Exercise data:
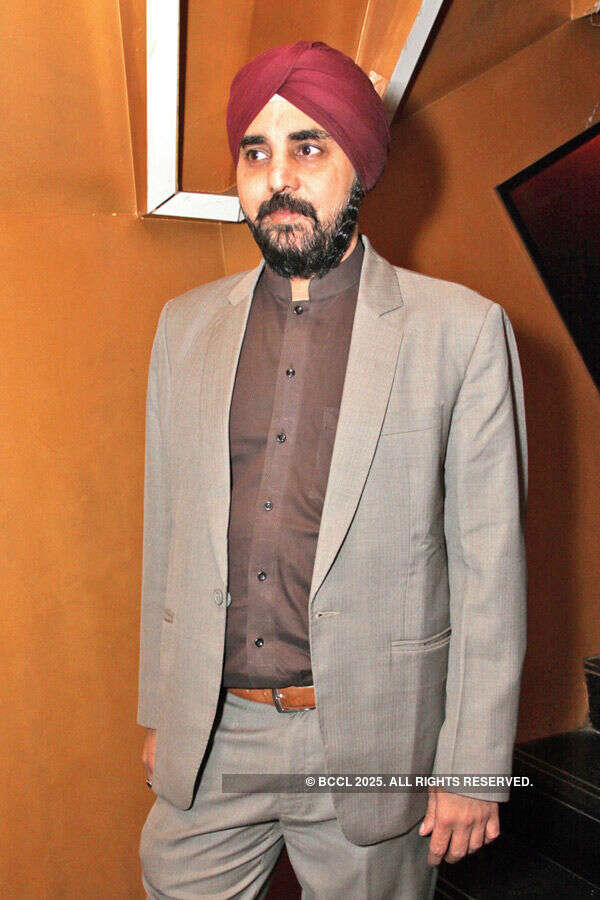 Girik Aman performs in the city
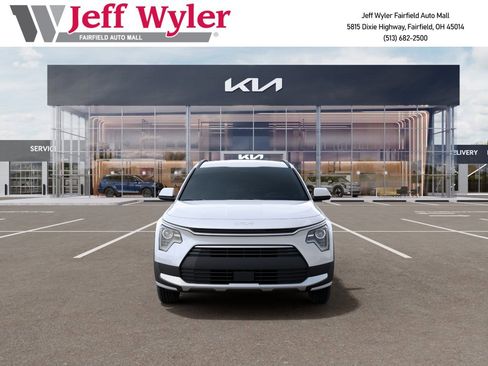 New 2026 Kia Niro EX FWD image 2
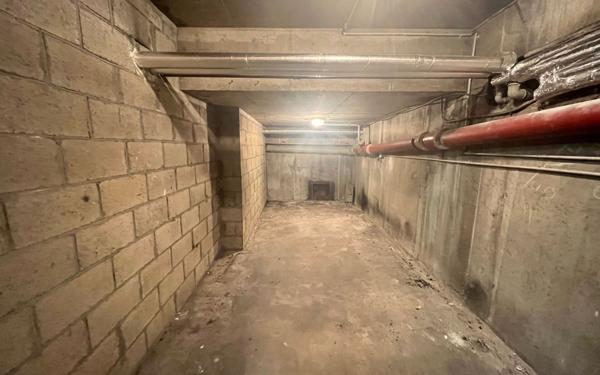 Stationnement à vendre    14,64 m2 Paris 17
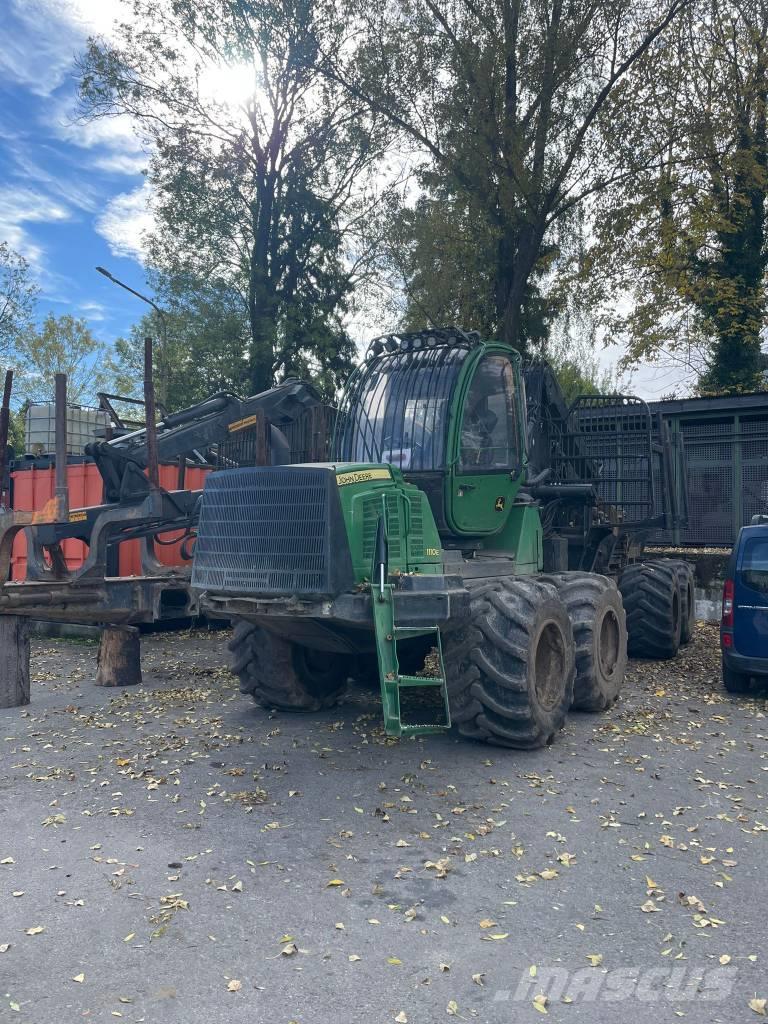 John Deere 1110e Transportadoras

Assignment: Transcribe the lines above exactly, setting aside any picture among them.

Exercise solution:
 Girik Aman performs in the city
 New 2026 Kia Niro EX FWD image 2
 Stationnement à vendre    14,64 m2 Paris 17
 John Deere 1110e Transportadoras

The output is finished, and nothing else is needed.